Context Recycling for Long-Horizon LLM Inference

用于长程大模型推理的上下文循环利用技术

Large language models (LLMs) exhibit strong capabilities in short-context reasoning but degrade in performance over long conversational horizons due to context window limitations and inefficient token usage. 大型语言模型（LLMs）在短上下文推理方面表现出强大的能力，但由于上下文窗口的限制和 Token 使用效率低下，在长程对话场景中性能往往会下降。

We introduce ContextForge, a system for context recycling that maintains task-relevant information across turns by combining structured query generation, external memory retrieval, and controlled synthesis. 我们引入了 ContextForge，这是一个用于上下文循环利用的系统。它通过结合结构化查询生成、外部记忆检索和受控合成，在多轮对话中保持与任务相关的信息。

The system enables efficient reuse of prior computation without relying on full context replay, reducing token overhead while preserving answer quality. 该系统能够在不依赖完整上下文重放的情况下，高效地复用先前的计算结果，从而在保持回答质量的同时降低了 Token 开销。

We evaluate ContextForge using a 15-turn conversational benchmark that tests multi-turn reasoning, back-references, and domain shifts across structured healthcare queries. 我们使用一个包含 15 轮对话的基准测试对 ContextForge 进行了评估，该测试涵盖了结构化医疗查询中的多轮推理、回溯引用以及领域转换等场景。

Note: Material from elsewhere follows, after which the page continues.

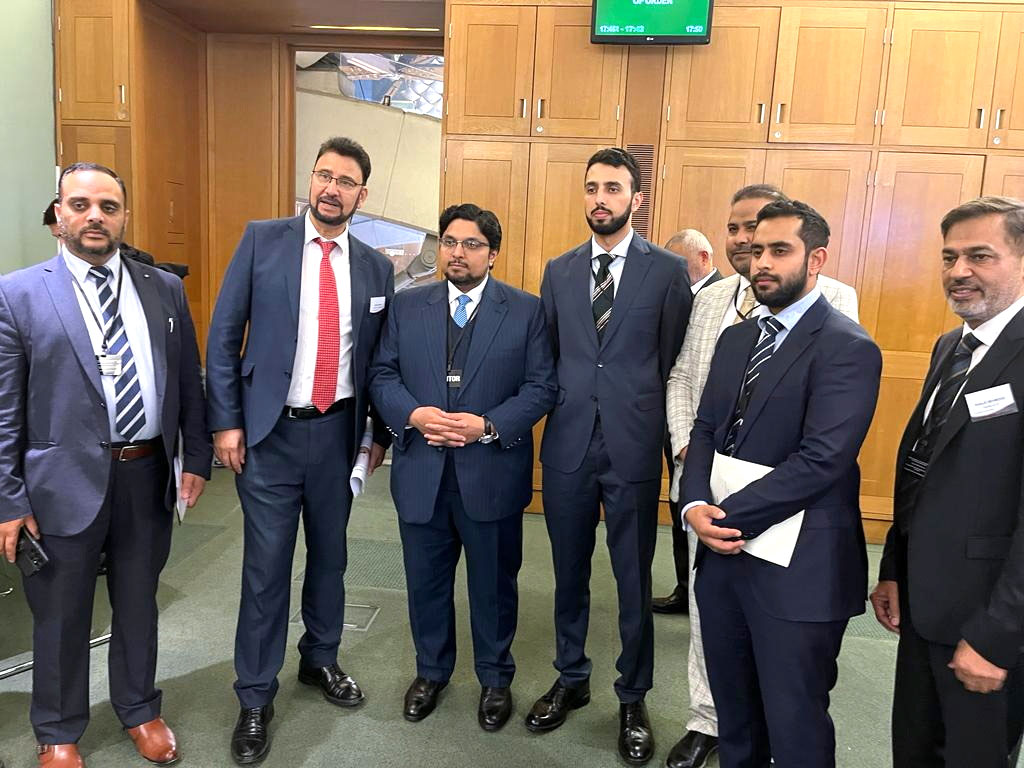 dr hussain qadri addresses at westminster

Compared to a baseline agent using identical underlying models, ContextForge demonstrates improved consistency and reduced token consumption, while maintaining comparable response accuracy. 与使用相同底层模型的基准智能体相比，ContextForge 在保持相当响应准确率的同时，展现出了更好的一致性并降低了 Token 消耗。

These results suggest that context recycling provides a practical approach for extending LLM capabilities in long-horizon tasks without requiring larger context windows or model retraining. 这些结果表明，上下文循环利用为扩展大模型在长程任务中的能力提供了一种实用的方法，且无需更大的上下文窗口或模型重训练。